Statistical analysis

We fitted generalised linear models with a negative binomial error structure to the weekly counts of deaths, taking account of the numbers at risk in each week (the denominator sizes [27], by offsetting it after log transformation). All models included 3 pairs of Fourier terms (for creating a harmonic function of calendar week) to capture seasonality in death rate; 3 pairs of terms were chosen as we wished to adequately capture some degree of complexity in seasonal patterns without overfitting. A quadratic function of calendar year (treated as a continuous variable) was used to capture any major underlying trends allowing for nonlinearity [28]. We refer to this as the basic model. The estimation equation for the basic model is included in S4 Text.
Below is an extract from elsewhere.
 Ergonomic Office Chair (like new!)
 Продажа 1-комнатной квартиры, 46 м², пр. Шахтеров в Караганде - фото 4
Overall and relative excess mortality.

The basic model was fitted using only the data from the prepandemic period, initially for the overall population and then restricted to each factor in turn (e.g., black ethnicity, overweight, dementia, and diabetes), to predict the number of deaths to be expected during the pandemic period (during and after Wave 1). We checked the adequacy of our generalised linear models by comparing observed and expected deaths in the prepandemic period; we additionally assessed the distribution of the deviance residuals and estimated mean weekly deviance residuals as a proportion of weekly death counts. We calculated excess deaths during Wave 1 of the pandemic by subtracting total predicted deaths during this period from total observed deaths. We estimated 95% confidence intervals by pooling the weekly standard errors for predicted deaths [29].

Association between individual factors and mortality before and during Wave 1.
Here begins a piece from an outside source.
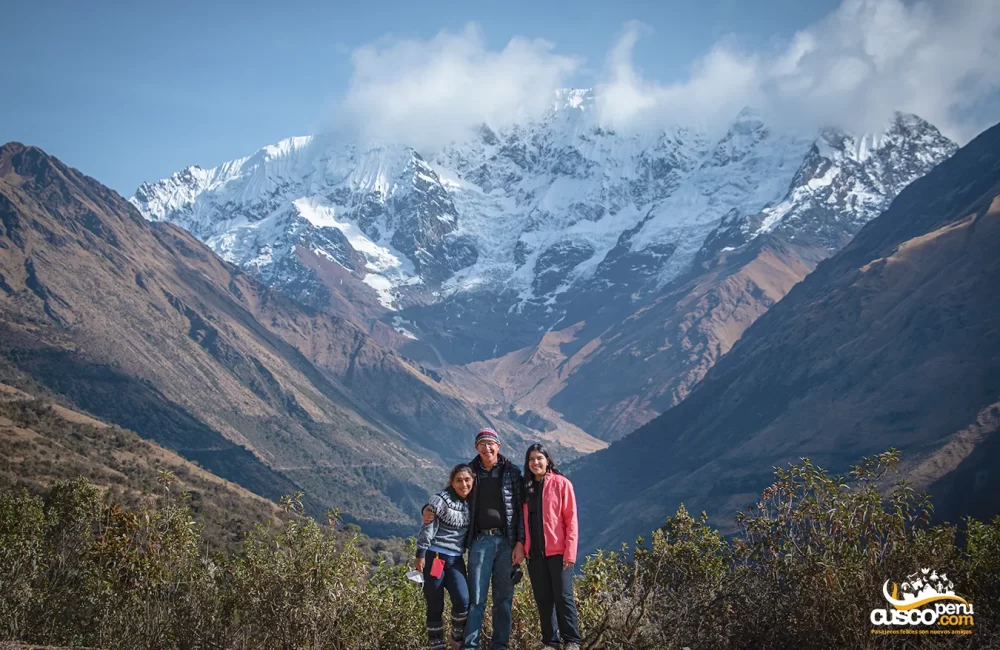 A beleza montanhosa da montanha Salkantay, no caminho para a lagoa Humantay.
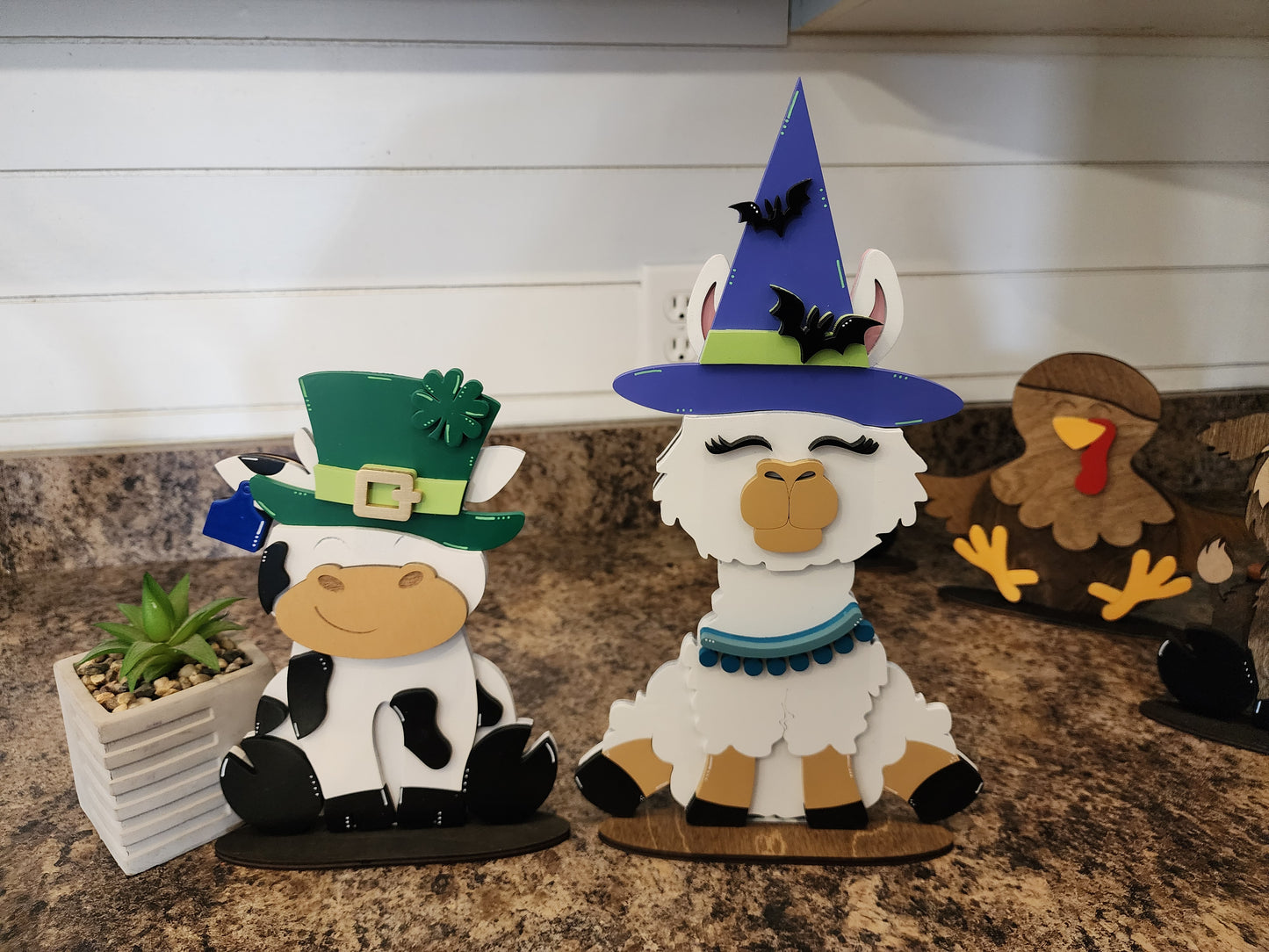 Extra Interchangeable Hats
We estimated relative rates (RRs) of death for each health and demographic factor in separate models, allowing for an interaction with the time period (before versus during Wave 1 of the pandemic) and adjusting for age and sex differences. This was done by extending the basic model to include a binary pandemic indicator (1 for Wave 1, 0 otherwise), the binary/categorical variable representing the health or demographic factor grouping (e.g., diabetes, ethnicity, and BMI), and terms capturing their interaction. Age (in 5-year age groups) and sex were also included in each model to adjust for differences in age and sex structure by health or sociodemographic status (e.g., people with or without diabetes and black ethnicity versus white ethnicity). Missing categories for ethnicity, BMI, and smoking status were excluded in these primary analyses. We examined partial autocorrelation plots and found no evidence of residual autocorrelation in the final models [28].
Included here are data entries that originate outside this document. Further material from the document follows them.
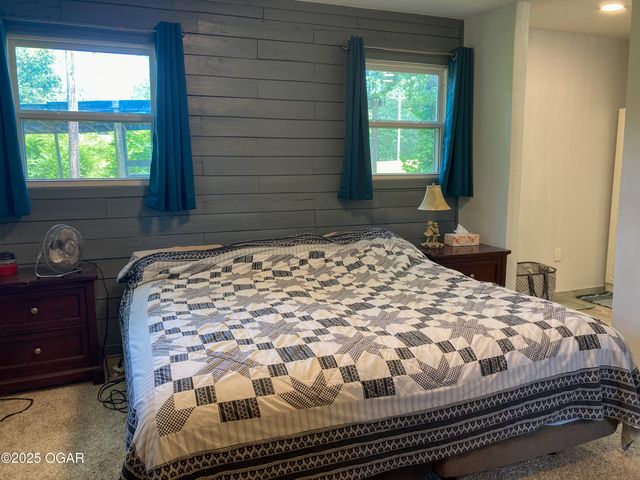 6274 Douglas Fir Road, Joplin, MO 64804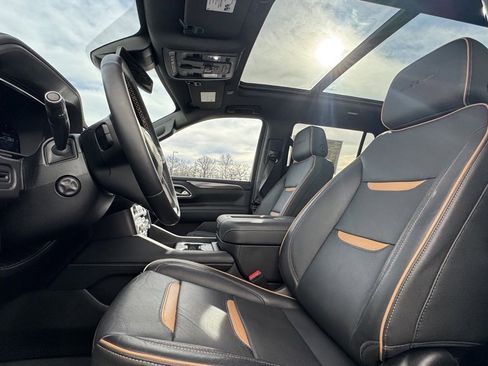 Used 2024 GMC Yukon AT4 w/ Max Trailering Package image 17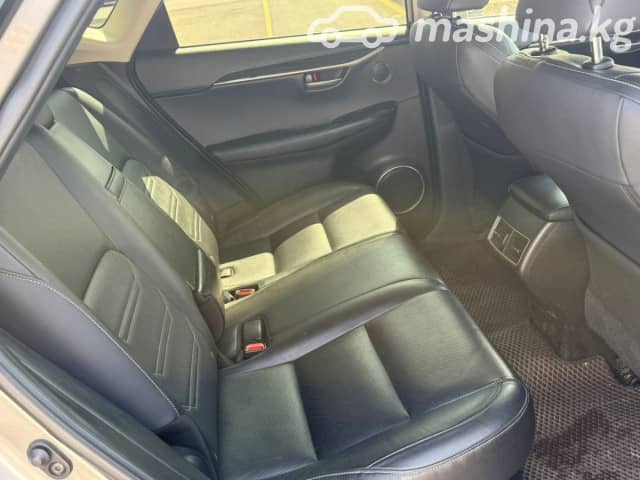 Lexus NX I 300h 2.5hyb CVT 4WD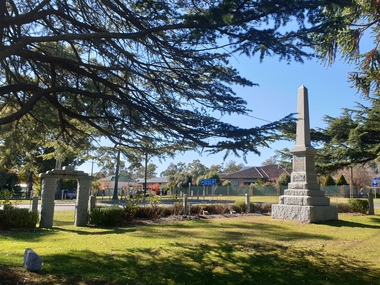 Photograph, Memorial Gates and War Memoria at Harcourt, Victoria, 22/05/2021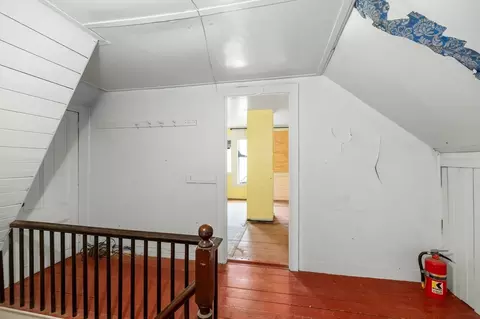300-302 Main St, Gloucester, MA 01930 photo 12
Secondary and sensitivity analyses.

In secondary analyses, we described differences between age groups and sex. For cancer, previous evidence shows an increased risk of poor COVID-19 outcomes in haematological cancer patients [1], and thus we also estimated RRs of death separately for haematological and nonhaematological cancer patients, all diagnosed in the last year. As people recently diagnosed with cancer may have been more motivated to avoid infection than long-term cancer survivors, we further extended our analyses to include people who had cancer diagnosed >1 year and <5 years ago and more than 5 years ago.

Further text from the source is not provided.